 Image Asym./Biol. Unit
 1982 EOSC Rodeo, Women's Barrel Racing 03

...

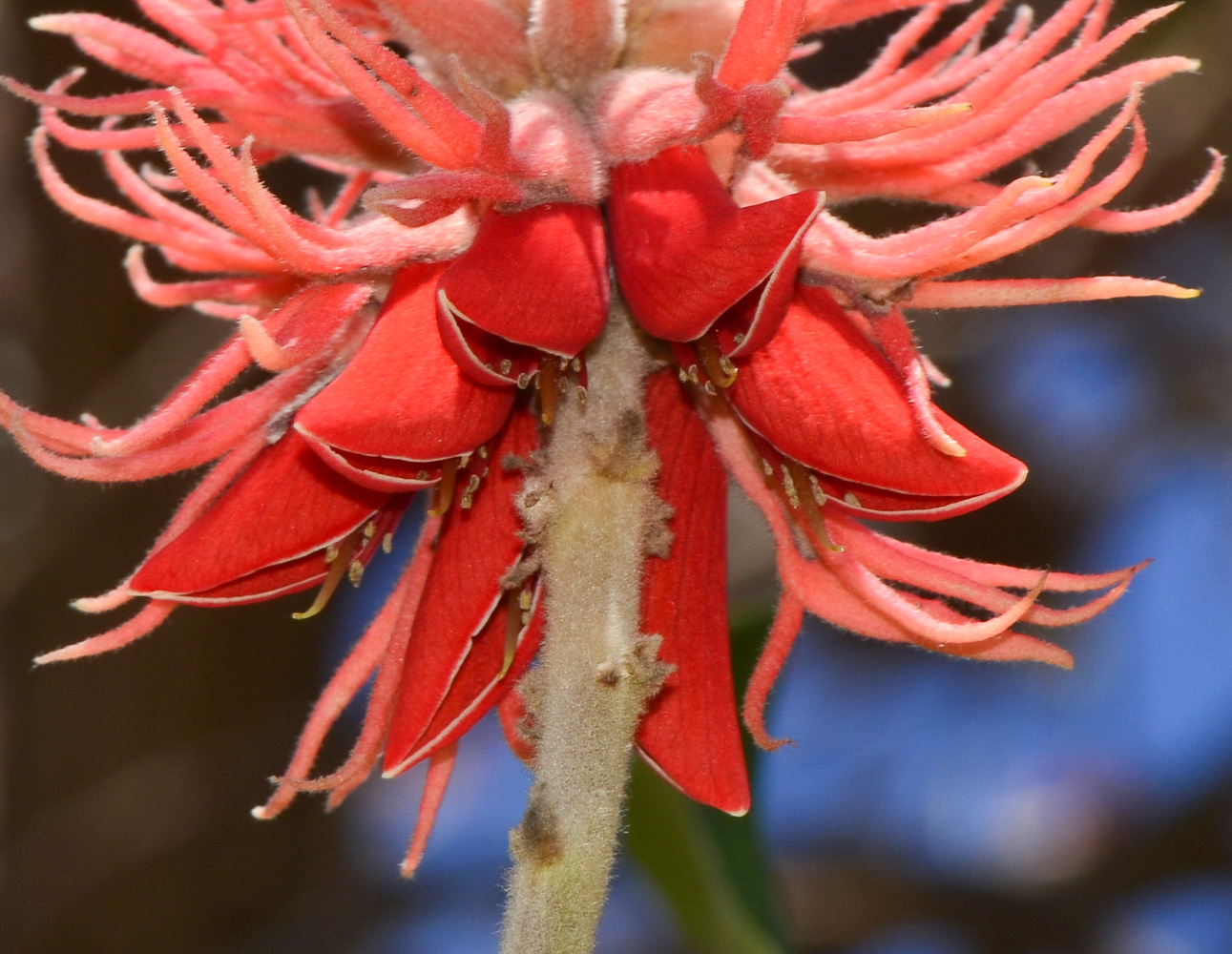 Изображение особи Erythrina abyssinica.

__WHAT YOU SHOULD DO__:
All that is wanted is an exact copy of the lines above from the one with "Image Asym./Biol. Unit" through the one with "1982 EOSC Rodeo, Women's Barrel Racing 03", with both ends included.

__ANSWER__:
 Image Asym./Biol. Unit
 1982 EOSC Rodeo, Women's Barrel Racing 03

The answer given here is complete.